Please enjoy this update from Village of Hope, Guatemala–
I remember the day so well, she said. It was just days after my 12th birthday. My mom had left early that morning for the market. I was outside playing in the dirt with the marbles I had received for my birthday. My little brothers and I were laughing. One marble rolled down the hill and into a patch of grass. I was looking for it when I heard him call my name. The sun was hot on my back. I tried to act like I didn’t hear him as fear trickled up my spine. He had been looking at me in a different way lately. I tried to pretend I didn’t see it. My mom said she needed to stay with him in order to pay the bills. She said he was our only hope.
She was wrong.
He put his hand over my mouth and shoved me on the bed. He told me if I told anyone he would kill me. I could feel his hot breath on my neck. The pain was unbearable as the tears slipped down my cheeks and soaked into my long braided hair.

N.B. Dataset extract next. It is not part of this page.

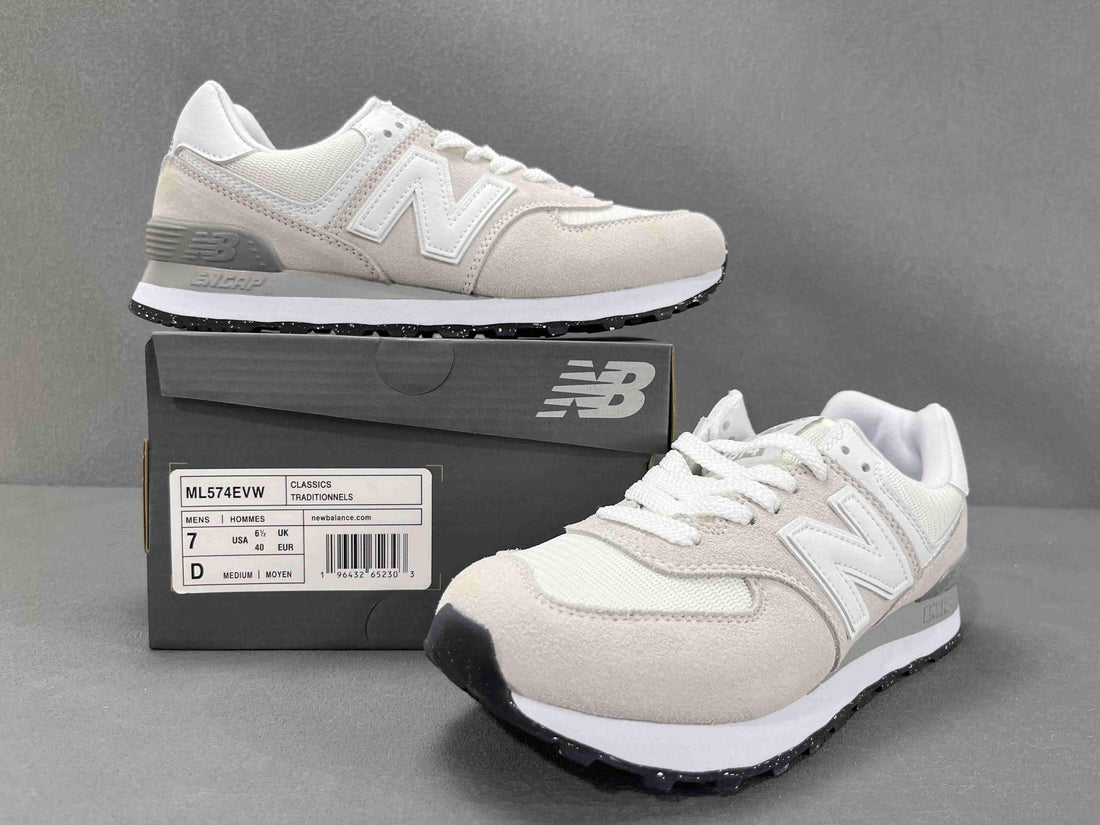 New Balance 574 Nimbus Cloud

Later that day I packed my marbles and my dolls into a box and shoved it underneath my bed. Somehow I knew my childhood was over.
As the days and months passed the abuse would continue. I felt numb inside, like I was just a shell, yet no one seemed to notice. Everything in my life had changed, including my body- I didn’t know how to make things go back to how they once were.
Then one day they came. I still to this day don’t know how they found out about me. They told me I would be safe. I didn’t want to leave my mom and my little brothers. One of my brothers clung to my legs screaming as the officers led me to the car.
My baby was born on a rainy September day via C-section, as my small frame would not allow for a regular birth. I will never forget looking in his beautiful big black eyes and promising him that we would be okay.
While I know now that my mom did the best she could, I have come to realize that hope doesn’t come in the form of someone paying your rent. What they have taught me here at Village of Hope Guatemala is that TRUE hope comes from Jesus and only Jesus. When you find yourself being tempted to feel alone, forsaken, poor or unable, if you are wondering if God even exists or hears your cries, if you feel that nothing and no one in your life remain faithful- you can trust that God IS there. Hope isn’t finding security in things, hope isn’t having everything turn out the way you want it to. Hope is knowing that no matter what happens to you in life, His beautiful life giving redemption and grace is enough.
My childhood was taken from me, but my purpose was not.